Saturday, January 27, 2018

Billionaires Rule the Globe



There is nothing wrong with billionaires becoming billionaires and even wealthier if they were to produce products and services raising the living standard.   Unfortunately, this hasn't happened enough. The corporate shareholding structures and the global mutual harmonizing interest of billionaires prevents it.  They interact in identical fashion by investing in Wall Street, the London stock market or the emerging NEOM in Saudi Arabia.  Over the years, they have become conditioned and seemingly addicted to rapid profits extractable out of stock markets.
In fact, in many ways, the global corporate shareholding structures are the economic deformation that divert billionaires from raising the living standard.  It is terrifically easy for them to profit from buying and selling corporations, trading shares, benefiting from insider knowledge and short term rapid profits. Long term, decentralized initiated investments which raise the living standard are of little attractions to them.
As the global financial structure is playing out, it keeps the living standard from rising as much as it could if the structure were reformed.  Beyond this, the structure exhibits strange co-operations.  Chinese Communist billionaires are co-operating and happily investing and profiteering in western stock markets and capitalistic western corporations.  Arab billionaires are intensely interacting with pro-Israeli billionaires and are mutually profiteering while their people are locked into a seemingly never ending confrontation.  Cynics can emit a loud psychocathartic: ah, the ironies of history.

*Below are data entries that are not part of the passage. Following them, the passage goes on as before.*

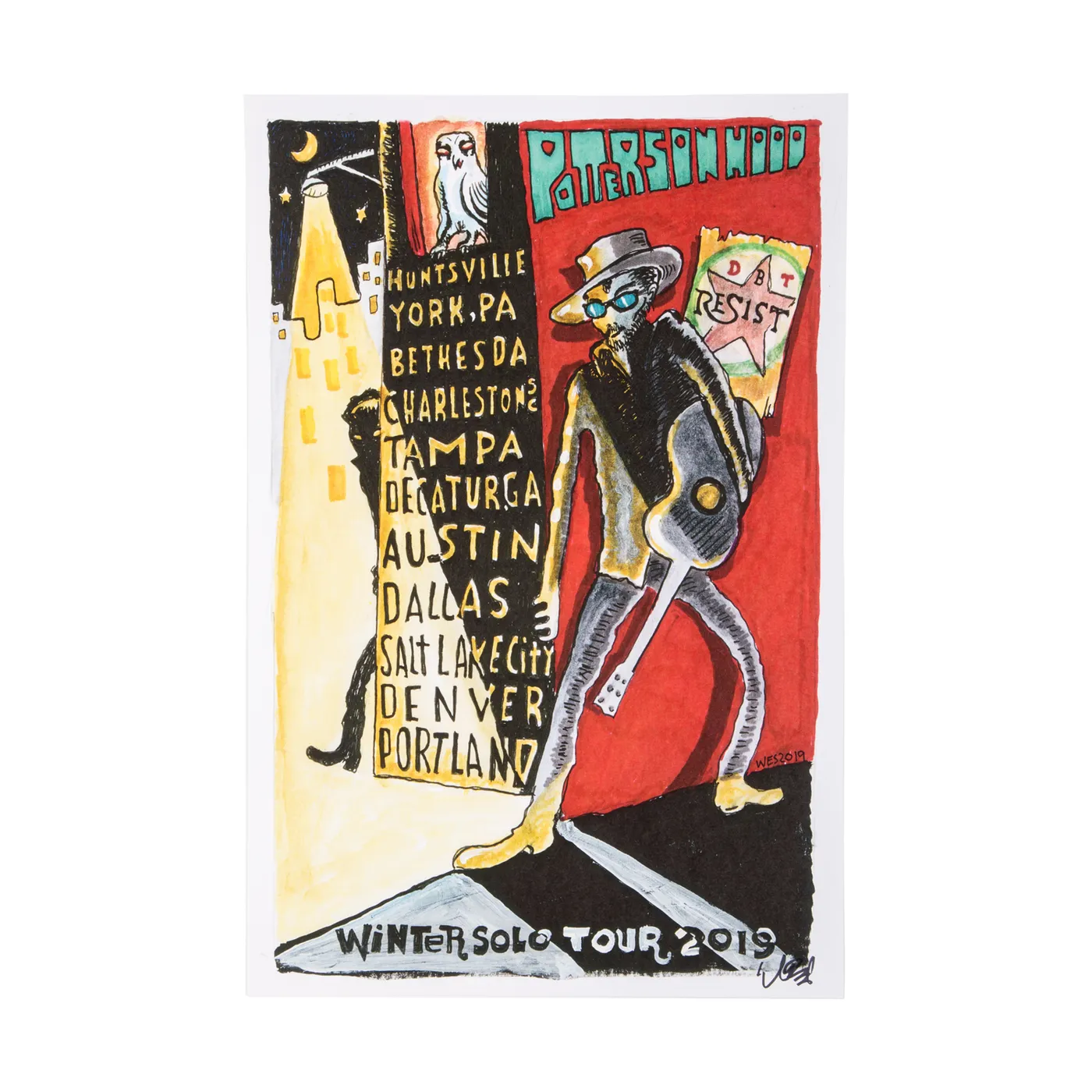 Drive-By Truckers Patterson Hood Winter 2019 Solo Tour Poster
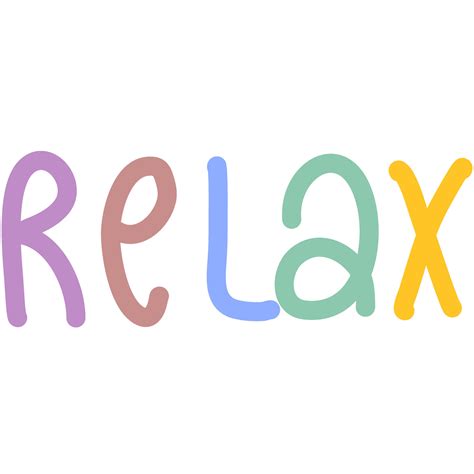 What is another word for relax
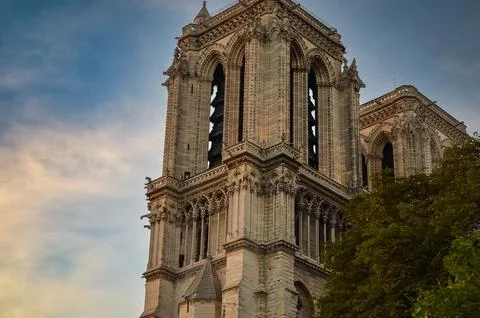 Different angles of Notre-Dame de Paris - France. Stock Photos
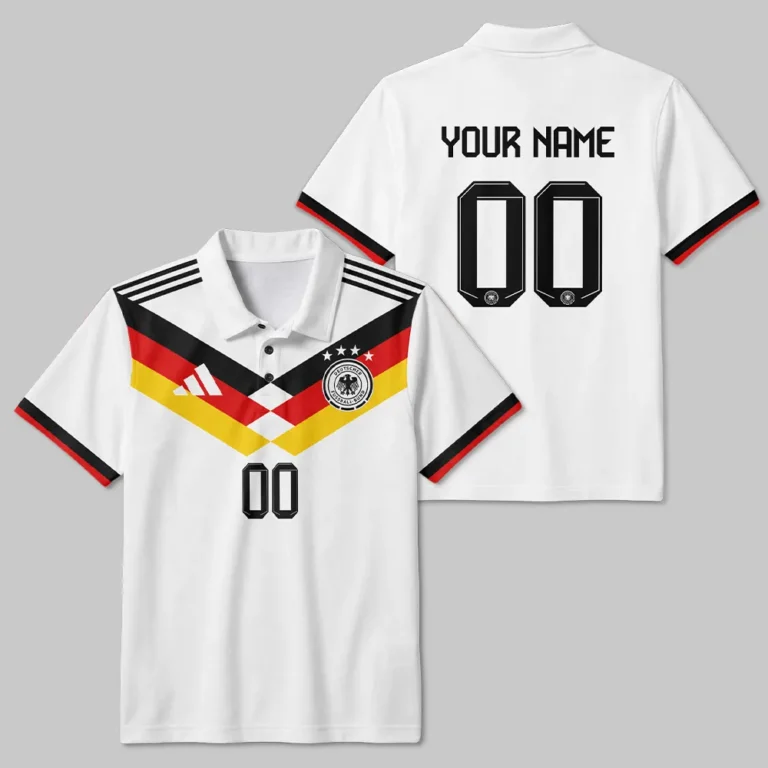 Germany 25/26 Home Kit Polo Shirt All Over Prints - Gift for Germany Fans QTVA2003GER1-PL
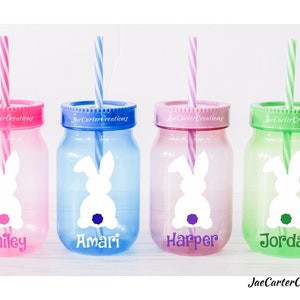 Easter Tumbler, Easter Cup, Mason Jar Tumbler image 1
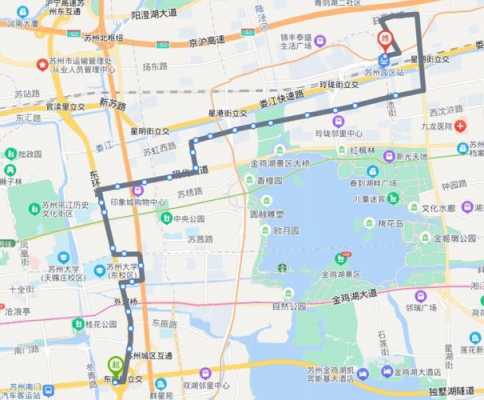 苏州园区117公交路线（苏州园区公交113路线路图）-图1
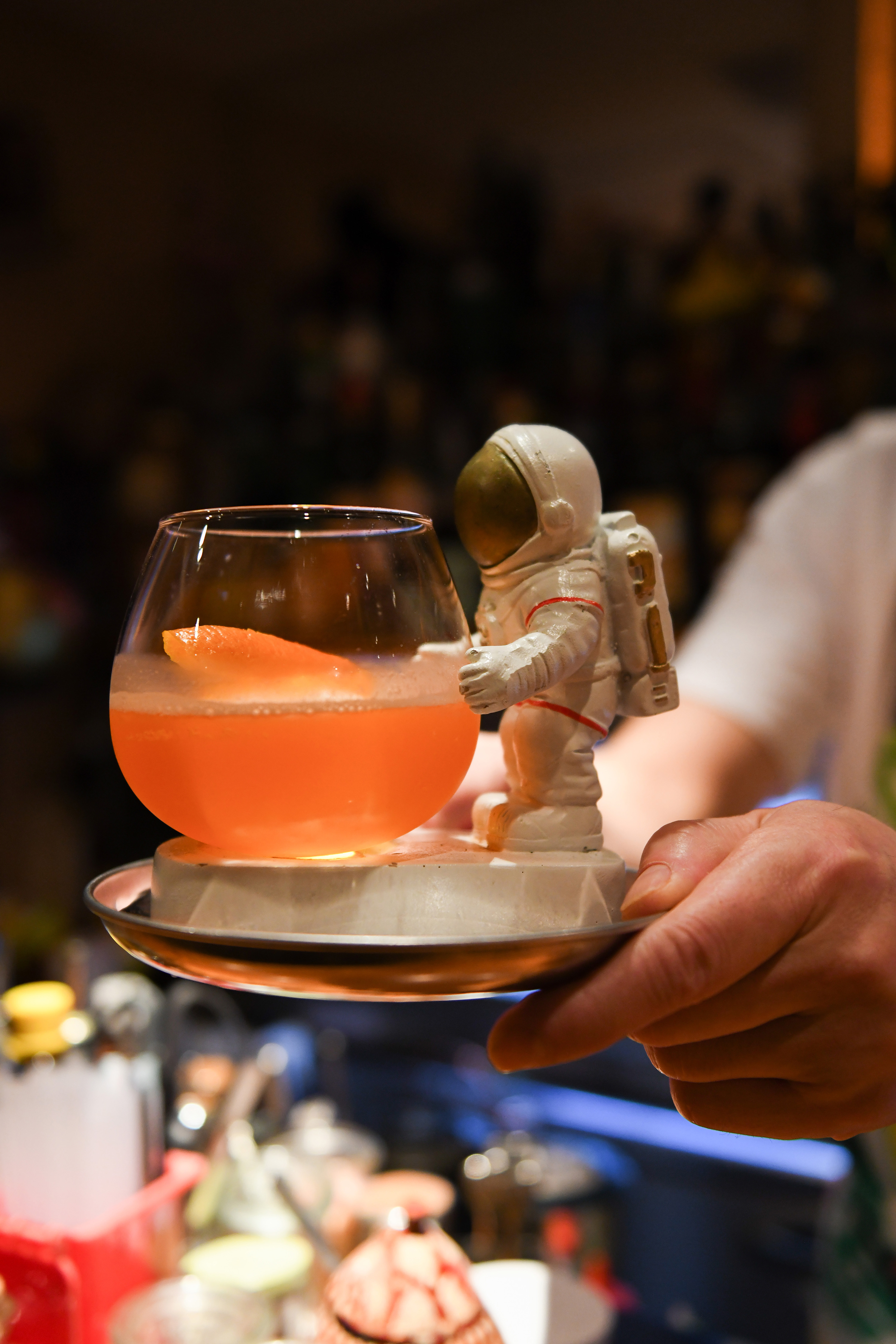 On the seventh floor of a standard-issue office building in Tokyo, the husband-and-wife-run Bar Orchard serves custom-created cocktails in whimsical objects. Photo / Noriko Hayashi, The New York Times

Examples of co-operating and mutually backscratching billionaires are plenty.  It emerges more and more that billionaires Trump and Putin co-operated.  Both are transnational, globally investing billionaires, yet both pretend to be nationalists.  Las Vegas billionaires Sheldon Adelson and Steve Wynn donate to billionaire politicians.   Adelson was a top contributor to the recent campaign, and Wynn is the head of the Republican National Committee finance committee.  Often opposing them politically is billionaire George Soros. 

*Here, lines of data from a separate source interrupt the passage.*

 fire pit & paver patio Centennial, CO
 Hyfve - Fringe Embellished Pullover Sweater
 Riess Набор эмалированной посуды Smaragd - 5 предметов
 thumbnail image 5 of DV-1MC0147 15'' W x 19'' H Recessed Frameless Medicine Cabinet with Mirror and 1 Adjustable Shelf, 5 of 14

Globally, Russian, Chinese, Muslim, Latin American billionaires are heavily investing in Wall Street and the London stock exchanges and in untold corporate and other investments.  Nearly all resent national boundaries and/or regulations restraining their rapid investments and profiteering that is mostly devoid of benefiting the people.  Some have citizenships of several nations and tax havens spread globally to no end.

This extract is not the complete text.